Because the part that Psyche can never really explain or share is the way it feels the morning after he visits her. The languid happiness of connection. I am allowed to trust my own intuition, too. My third eye is valid and dependable, too - and is acting from more data points than yours. This feeling, of wanting to gambol around in the forest and string flower necklaces for him, is not something I have to set aside in order to find truth - it is part of the truth. 

It isn't the only part. The fear is part, too. And pretending that the fear isn't real is not sustainable, I've been learning. I can't will it away when it comes. I can't logic it away or wallow it away or get it to go away, period. But I can find alternative responses to the fear, that are less drastic, more private, and that permit me a way to practice trusting the ants. Ways that permit me to feel, but still watch for them. To lock myself in a safe room if need be, but without shooting off missiles at people before I do. "What can I do at this moment, to honor and acknowledge this anger and hurt, and to get it outside of myself, without actually turning it loose like zombies or weaponizing it at a person?"

And if I can watch other women's relationships with new eyes, not the eyes of a child who needs to make people get along, or the eyes of a girl afraid for her fellow girl, but the eyes of a heroine, watching her fellow heroine, I can see new things. The disappointment that she feels, but does not allow to overpower her. The weighing she does between her feelings of anger and resentment and rejection, and the decision she makes to love, to listen, to understand, to choose patience and forgiveness and to respond with gifts of tenderness. Not perfectly - not as some strange saint. But as herself, with all her usual edges - and yet, a clear and conscious decision to act with grace. To trust, not just him, but her intuition of him, her choice to open herself, her ability to be ok despite his shortfall. To trust her ants.

And the magic, as an observer, to see this unfold, and to see a graceful response from the hero. Not gallant, not storybook - but a response of a human recognizing grace and returning it.

I can do this, too. I can be my graceful self, instead of my Medusa self. Grace is not a weakness. The grace is a choice, carefully considered and selected from all of your options. It is a gift from strength, because you have it to give, because you aren't in need, because you will need to rely on someone else's grace another time when you do not have reserves of strength.
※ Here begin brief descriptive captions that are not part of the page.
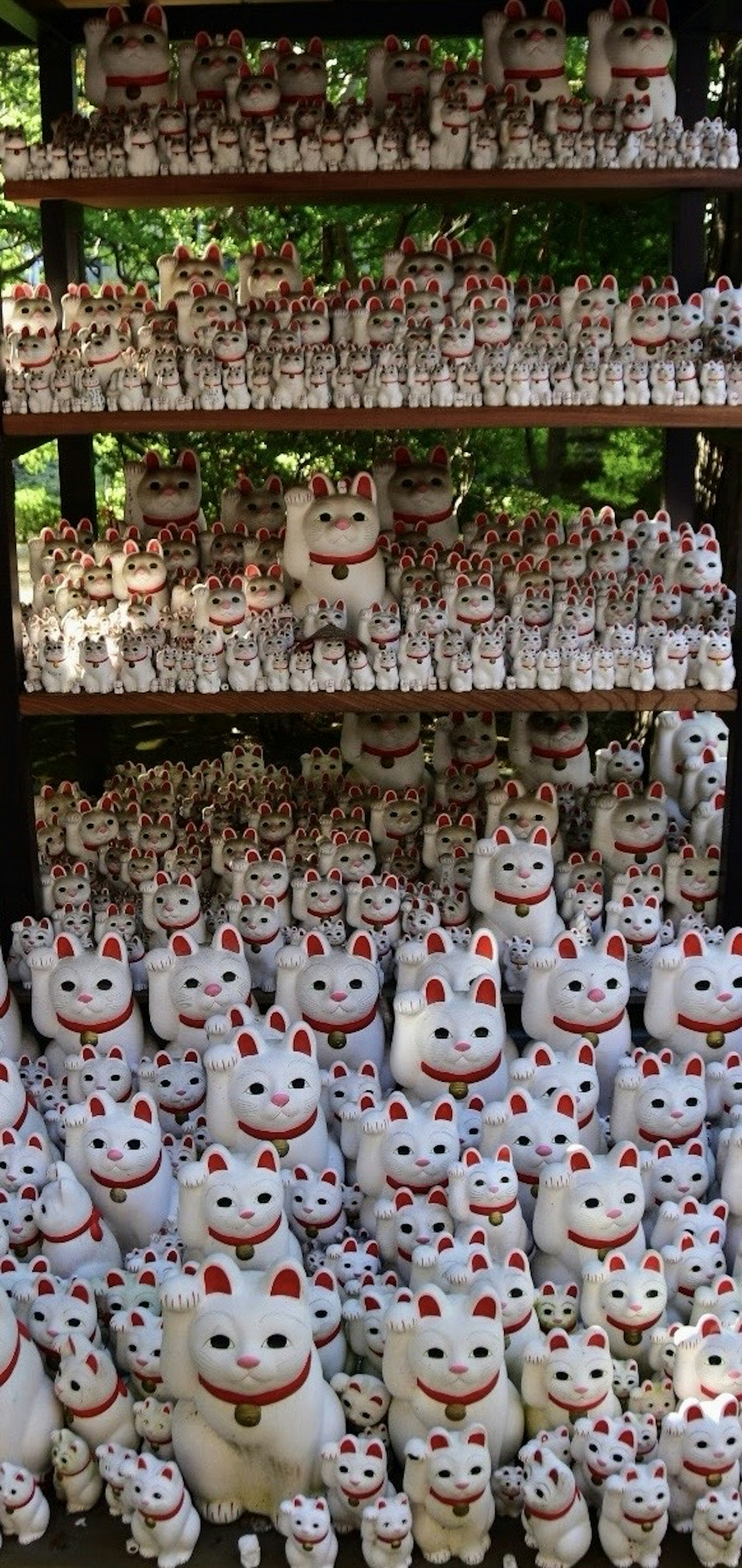 A large collection of lucky cat figurines arranged on shelves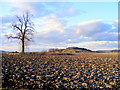 Looking towards Forgieston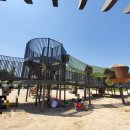 뚝섬한강공원-68 이미지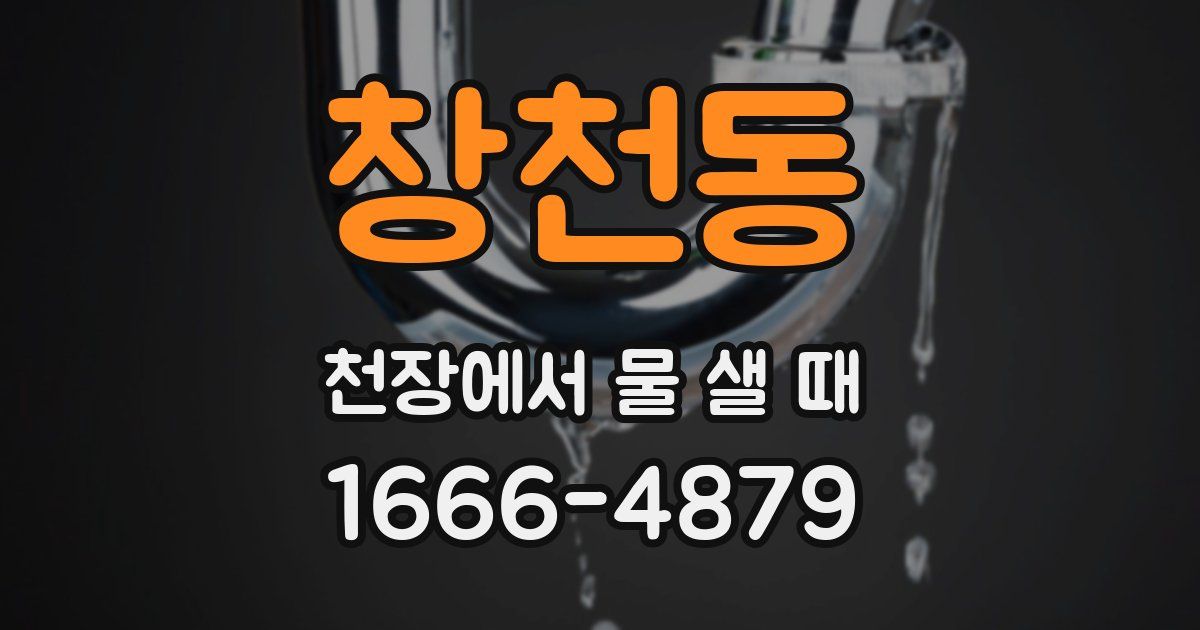 창천동 천장에서 물 샐 때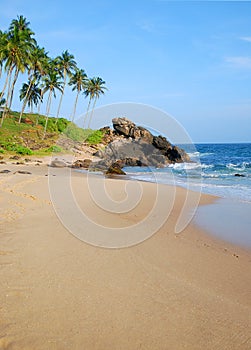 Beach with coconut palm trees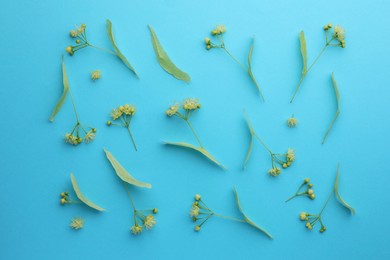 Fresh linden leaves and flowers on light blue background, top view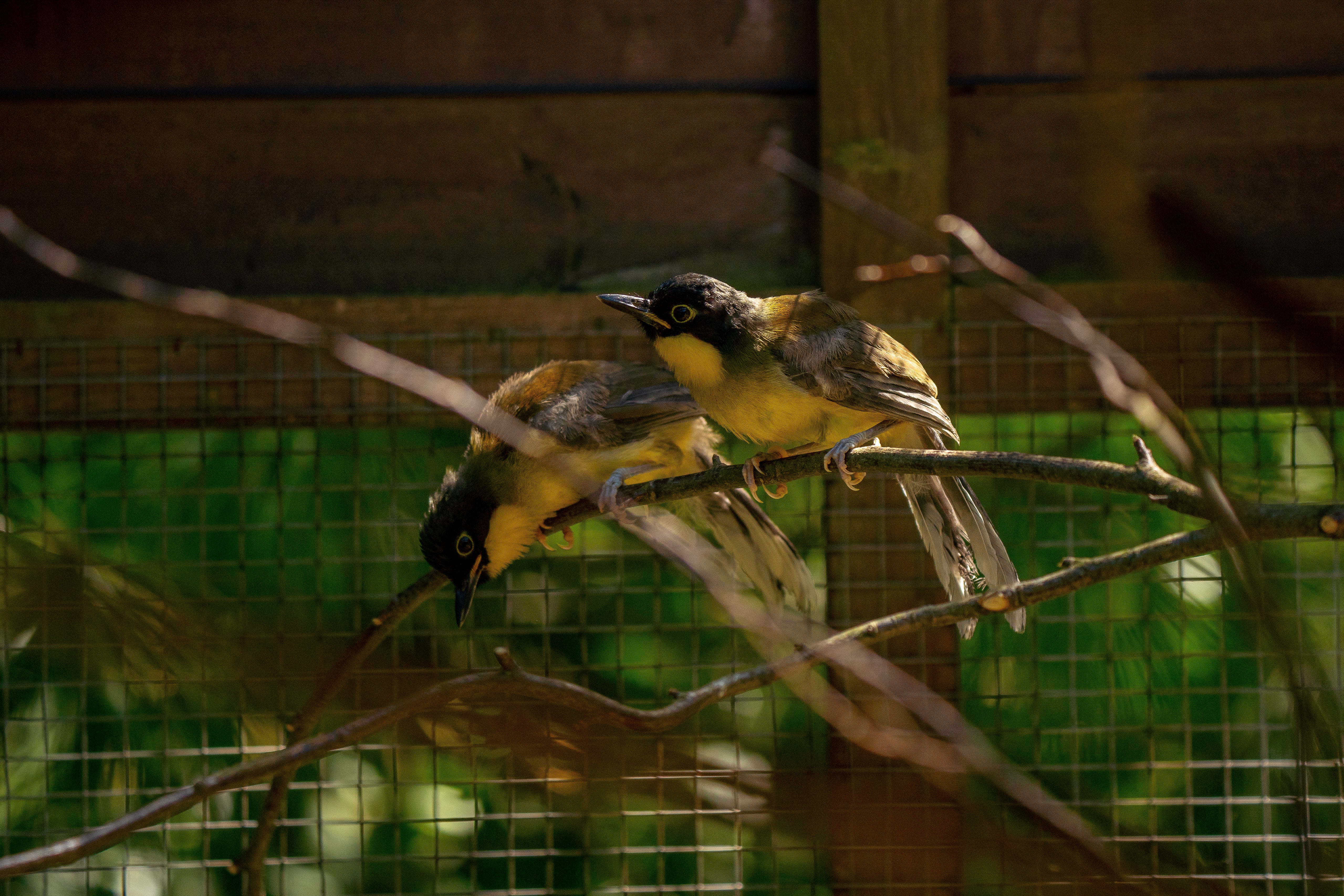 Keepers at ZSL Whipsnade Zoo stepped in to hand-rear the two blue crowned laughingthrush chicks. (ZSL Whipsnade Zoo/PA)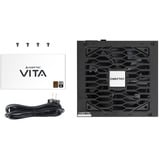 Chieftec VITA alimentation 650 watt Noir, 2x PCIe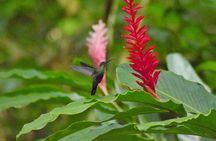 Natureworld St. Lucia hiking trail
And maybe the question to ask is not, "Am I ok with this?" and certainly not "What is the worst that can happen if I let this go?" but rather "Where am I, right this moment? How am I, right this moment? I think I am probably ok, despite this. Is this true? Can I leave this for the ants? Can I trust them?"

Because if I can trust the ants, I am free to act with grace instead of panic. I can enjoy the breath in my lungs as I watch them sort the grains, and make order out of my emotional disaster. And perhaps when it comes time to speak, I can speak both with sincerity and strength and with tenderness and compassion, and I will not have to make the compromise that breaks my soul.